Hingga akhirnya Pemerintah kewalahan menghadapi gerilya pendidikan yang ternyata didukung semua partai dan organisasi pergerakan.  Sebab dengan ditutupnya Taman Siswa, ternyata guru-guru Taman Siswa semakin banyak jumlahny, dan sekolahnya pun semakin tersebar di pelosok kampung. Dengan kegigihan perjuangan Suwardi dan Sutartinah.  Akhirnya Taman Siswa mencapai masa gemilangnya. 

Pada tahun 1928 Suwardi Suryaningrat mencapai umur 40 tahun. Dengan resmi Suwardi dan Sutartinah mengganti namanya masing-masing dengan Ki Hajar Dewantara dan Nyi Hajar Dewantara. Namanya  tidak lagi menggunakan gelar kebangsawanan di depan namanya.

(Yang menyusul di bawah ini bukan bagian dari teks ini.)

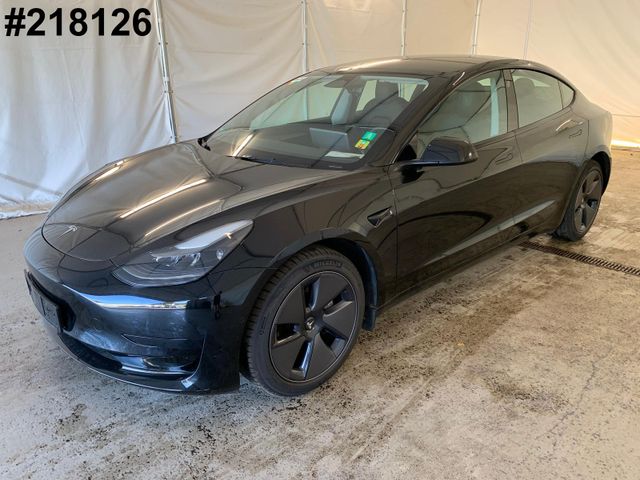 TESLA Model 3 Wärmepumpe Pano Shanghai Autopilot3 ACC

Hal ini dimaksudkan supaya ia dapat bebas dekat dengan rakyat, baik secara fisik maupun jiwa.

Betapapun tidak berlebihan apabila kita mengatakan bahwa Sutartinah atau Nyi Hajar Dewantara bukan hanya sekadar pelengkap, tapi ia juga penentu utama dan memiliki peran besar bagi kesuksesan Ki Hajar dan Taman Siswa. Sebagai istri cerdas, tangguh dan setia dalam menemani perjuangan suaminya pantas kiranya jasa-jasa beliau dikenang dan menginspirasi bagi kaum perempuan. Sekian.